Extroverted Introvert

My job allows me to work from my house on a daily basis. I usually only have to go to the office at least once a week which means that I’m not really close with my officemates and that I don’t actually talk to people on a regular basis. This doesn’t really bother me much but there are times when I feel like I need to go out and socialize. And when I do go out, I realize that I’m actually very lonely.

I used to have maybe two to three people who talk to me (through Facebook) everyday. I was okay with that. But then one started working and became really busy, one I still get to talk to but not as constant as before, and the other, I think, maybe needed a break from me because I am a very bad person (just kidding, long story). So now I’m back to being lonely. I can appreciate time alone, sure. But to be constantly alone is a different feeling altogether.

Now all my energy is reserved for when I go out and I have a hard time containing my excitement. I talk too much, laugh too much, yell too much, talk too loud, etc. which isn’t really who I am when I’m in a relaxed and normal state. I just find it weird, jumping from introvert to extrovert real quick because of the lack of social interaction in my life. There are even times when I feel like this whole situation would eventually lead to a major identity crisis.
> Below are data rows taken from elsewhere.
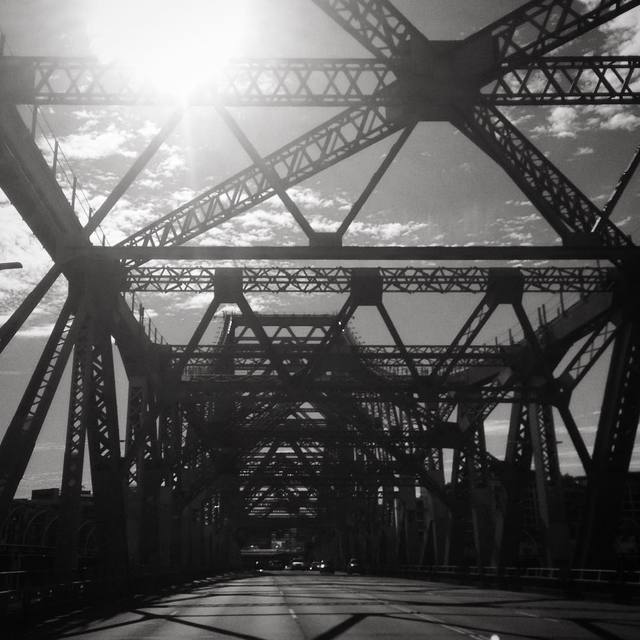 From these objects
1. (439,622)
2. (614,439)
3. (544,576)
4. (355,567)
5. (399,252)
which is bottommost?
(439,622)

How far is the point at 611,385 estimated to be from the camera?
2286cm

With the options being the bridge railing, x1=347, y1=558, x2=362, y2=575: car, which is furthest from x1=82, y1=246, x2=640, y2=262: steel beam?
x1=347, y1=558, x2=362, y2=575: car

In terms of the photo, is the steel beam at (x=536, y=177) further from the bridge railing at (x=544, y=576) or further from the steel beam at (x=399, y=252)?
the bridge railing at (x=544, y=576)

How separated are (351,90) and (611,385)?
1146 centimetres

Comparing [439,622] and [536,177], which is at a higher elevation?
[536,177]

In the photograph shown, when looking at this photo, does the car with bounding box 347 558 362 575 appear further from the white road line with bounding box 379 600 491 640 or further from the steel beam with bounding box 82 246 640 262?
the steel beam with bounding box 82 246 640 262

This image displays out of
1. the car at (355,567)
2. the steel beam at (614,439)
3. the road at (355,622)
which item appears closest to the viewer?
the road at (355,622)

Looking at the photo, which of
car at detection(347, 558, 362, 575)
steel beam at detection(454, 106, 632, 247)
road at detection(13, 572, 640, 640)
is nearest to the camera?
road at detection(13, 572, 640, 640)

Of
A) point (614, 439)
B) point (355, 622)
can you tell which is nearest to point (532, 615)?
point (355, 622)

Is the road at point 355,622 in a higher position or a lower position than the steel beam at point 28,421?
lower

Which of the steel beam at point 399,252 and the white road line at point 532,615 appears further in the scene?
the steel beam at point 399,252

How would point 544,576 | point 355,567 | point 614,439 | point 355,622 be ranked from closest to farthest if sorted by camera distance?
point 355,622
point 614,439
point 544,576
point 355,567

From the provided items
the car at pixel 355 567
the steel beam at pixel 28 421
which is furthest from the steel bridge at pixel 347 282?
the car at pixel 355 567

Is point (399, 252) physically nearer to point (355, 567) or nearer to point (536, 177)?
point (536, 177) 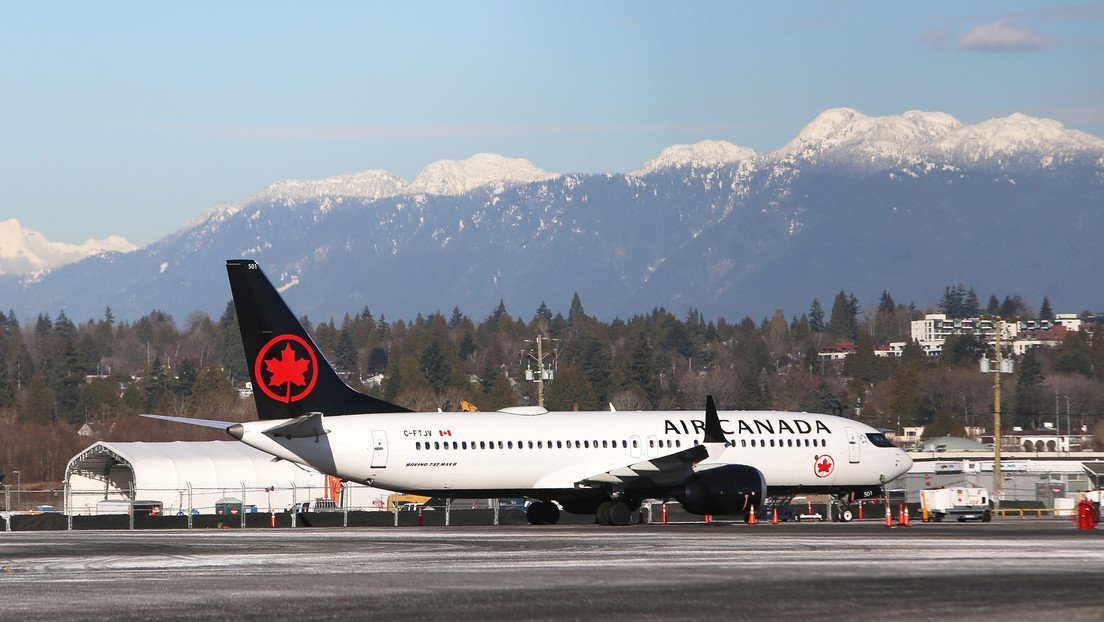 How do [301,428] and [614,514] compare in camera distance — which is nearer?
[301,428]

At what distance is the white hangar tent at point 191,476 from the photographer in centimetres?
8381

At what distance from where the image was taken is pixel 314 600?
23.6 meters

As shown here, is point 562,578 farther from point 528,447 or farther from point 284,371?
point 528,447

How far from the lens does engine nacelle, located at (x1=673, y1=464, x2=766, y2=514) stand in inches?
1901

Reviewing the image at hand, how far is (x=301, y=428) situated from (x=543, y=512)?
29.1 ft

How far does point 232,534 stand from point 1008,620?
27.9 meters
I just need one constant. One person who I can talk to everyday. One person who won’t get tired of me and my annoying mood swings. One person who I can talk to for hours and hours and not want to stop. One person who won’t leave me. One person who will always be there for me as a friend. One person with no hidden agendas. Just one person who can make me feel at ease. One person who can restore the balance that I currently do not have in my life. Please let me find that person because I’m really tired of being alone.